Finalmente, a impressão mais forte deixada por “How to Steal a Million” é de familiaridade. Seja estudando a técnica por trás da escrita de roteiro ou apenas assistindo a filmes o bastante para desenvolver um senso crítico aguçado, não se demora para perceber que há algo em comum em boa parte das grandes obras do cinema: fluidez. Uma cena segue a outra sem que se perceba cada uma delas como uma unidade distinta, um pedaço de narrativa desconectado do próximo. E nem se trata tanto do trabalho da Edição em tornar os cortes invisíveis, mas de estruturar a narrativa no papel e construí-la visualmente na seqüência para que tudo pareça lógico e essencial para a existência de uma corrente de eventos compreensivelmente dinâmica. A familiaridade mencionada anteriormente se refere ao ideal freqüentemente almejado pelos artistas de criar uma experiência que seja agradável de experimentar mesmo quando o conteúdo é desagradável; a palavra vem a ser aplicada não como juízo de valor sobre o conteúdo, mas como uma qualificação da forma como ele é transmitido.

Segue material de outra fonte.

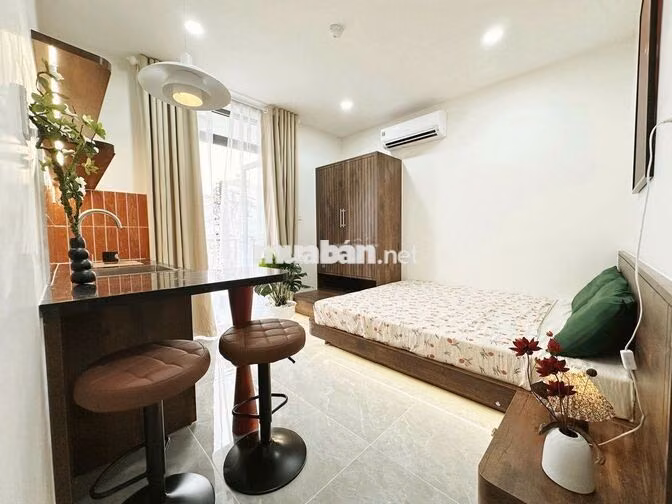 Căn hộ thang máy hầm xe ban công full nội thất ngay Nơ Trang Long BTH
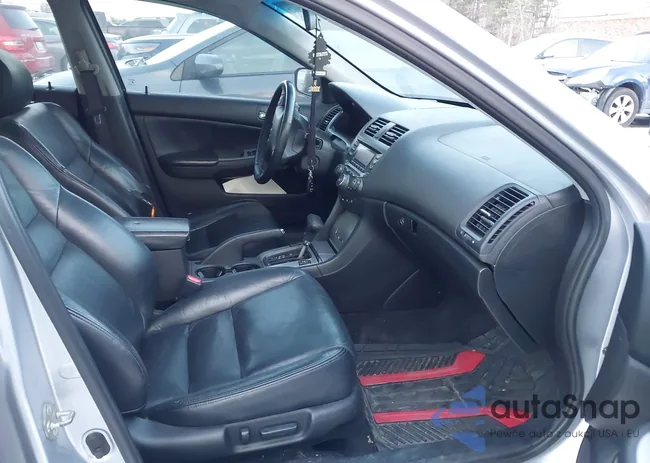 1HGCM66533A082040: 43947012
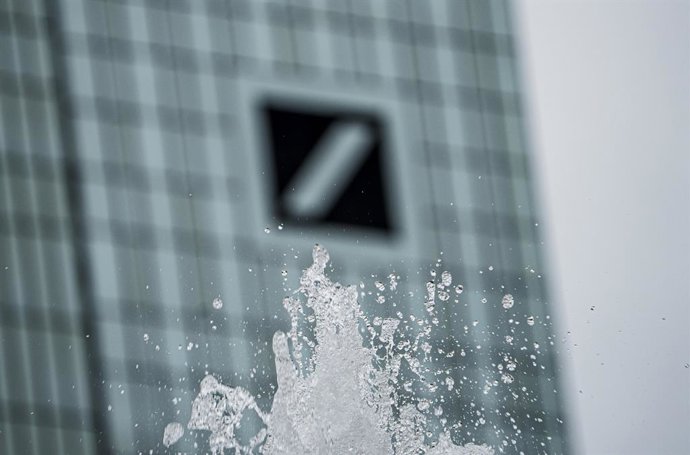 Archivo - FILED - 07 May 2026, Hesse, Frankfurt/Main: File Photo - The fountain of the Lucae fountain bubbles in front of the Deutsche Bank headquarters. Photo: Andreas Arnold/dpa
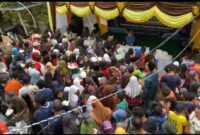 Yayasan Asmaul Husna membagikan takjil. Foto: INIKEPRI.COM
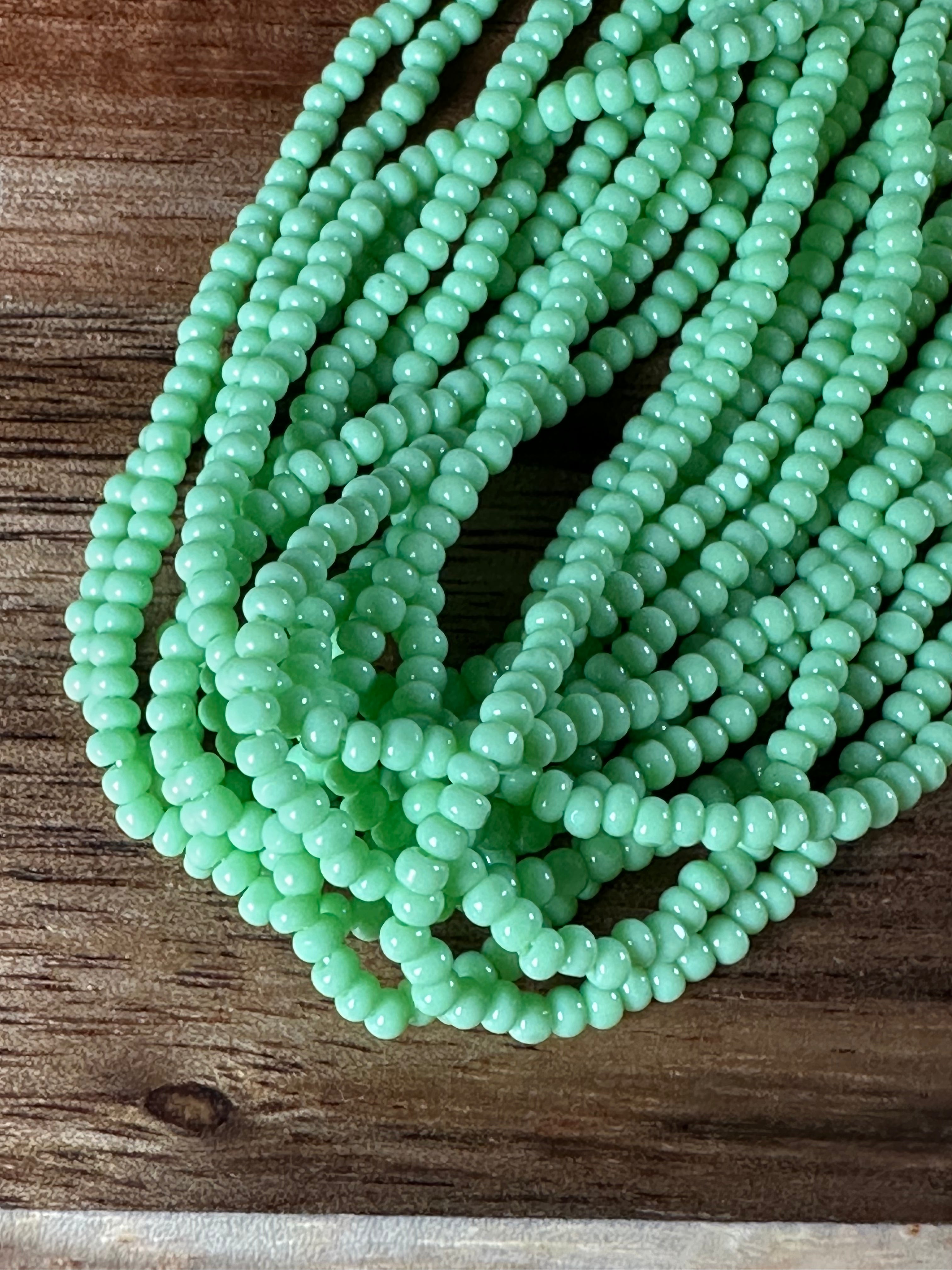 11/0 True Cut Op Lime Green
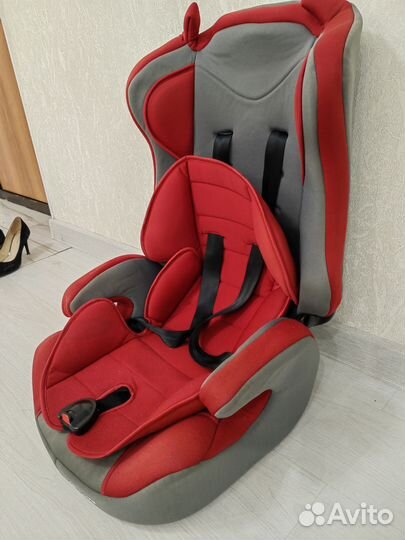 Детское автомобильное кресло от 9 до 36 кг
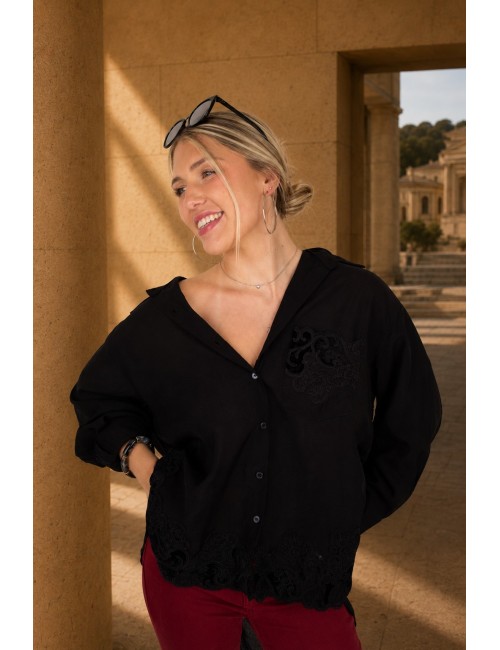 Chemise légère à broderies noire BRUNETTA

A própria dinâmica envolvendo o roubo principal da obra é um exemplo perfeito disso. Começa como uma idéia sem o mínimo firmamento na realidade, passa a ser um plano quase impossível quando Peter O’Toole afirma isso e fica mais concreto a cada visita da dupla de protagonista ao museu que abriga a estátua. Até mesmo a execução do plano reflete a lógica de um grande plano dividido em várias pequenas partes, um grande problema em pequenos conflitos resolvidos um a um pelos personagens até chegar no objetivo. “How to Steal a Million” entrega uma apresentação compreensível e engajante de um roubo simples tratado com o mesmo cuidado que um outro mais complexo, abrindo espaço nesse meio para trabalhar também o jovial romance entre os protagonistas. Se há uma característica definitiva para este filme é o deleite convidativo de sua narrativa que mal faz o tempo ser sentido.